OKDIARIO-19/09/2020 06:50.

Tras las medidas restrictivas adoptadas por la Comunidad de Madrid en ocho municipios y seis distritos de la capital de España para intentar frenar la pandemia -se verán afectadas 850.000 personas de 37 zonas con más de 1.000 contagios por cada 100.000 habitantes-, Podemos busca desesperadamente un estallido social utilizando el falaz argumento de que el Gobierno de Isabel Díaz Ayuso ha condenado a las localidades y barrios obreros, víctimas del «apartheid para los pobres» de un Ejecutivo que les ha abandonado a su suerte. Es la estrategia de la extrema izquierda: agitar e incendiar las calles de las zonas afectadas sirviéndose del mantra de que la gestión del PP les ha condenado a una suerte de gueto por razones de clase. El sectarismo de Podemos es repugnante, pero forma parte del manual clásico de la extrema izquierda: aprovechar las restricciones decretadas por Díaz Ayuso para instrumentalizar la crisis sanitaria y desenterrar la lucha de clases.

Obsérvese que Podemos cumple el papel de brazo ejecutor, mientras que el PSOE se erige inductor de una estrategia en la que el socialcomunismo gobernante se reparte los cometidos a seguir. Pedro Sánchez abandona a su suerte a la Comunidad de Madrid, le niega el pan y la sal y trata de mover la silla de Isabel Díaz Ayuso amagando con una moción de censura que sirve de calvo de cultivo para generar un clima de tensión social extremo. Sánchez prende la mecha e Iglesias incendia las calles a través de la movilización de las asociaciones y colectivos afines. Eso es lo que ha ocurrido y lo que va a ocurrir con carácter inmediato.

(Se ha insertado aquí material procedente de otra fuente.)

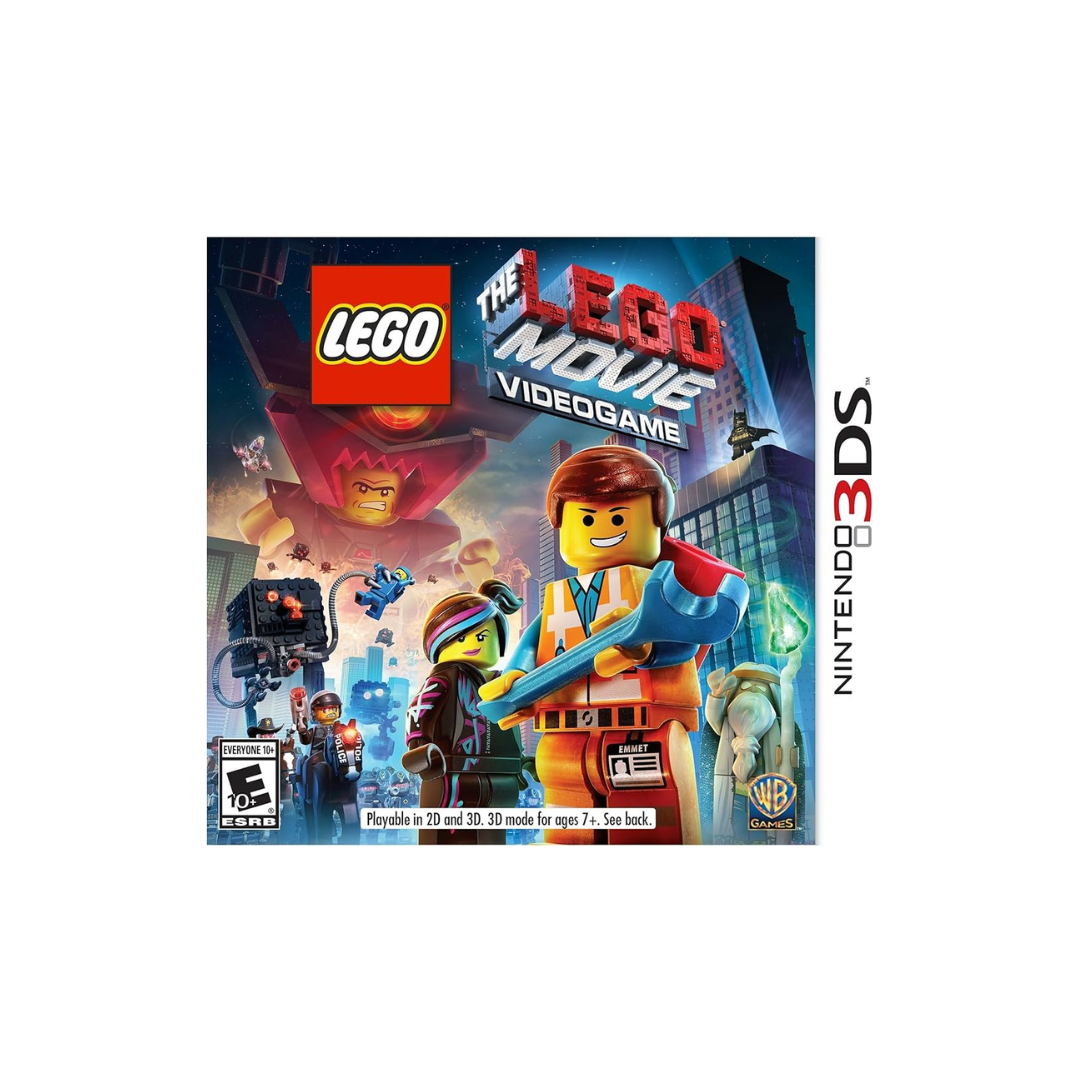 The LEGO Movie Videogame (Nintendo 3DS) (Sin caratula - Usado)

Sánchez se erige en salvador de Madrid, acude a la Puerta del Sol a reunirse con Ayuso, a la que tratará de forzar a que solicite el estado de alarma, mientras Pablo Iglesias atiza las calles. Todo está perfectamente diseñado: el socialcomunismo se ha lanzado políticamente al cuello de Díaz Ayuso y no soltará a su presa hasta que no consiga su objetivo de hacerse con el poder en la Comunidad de Madrid.

R. 2º.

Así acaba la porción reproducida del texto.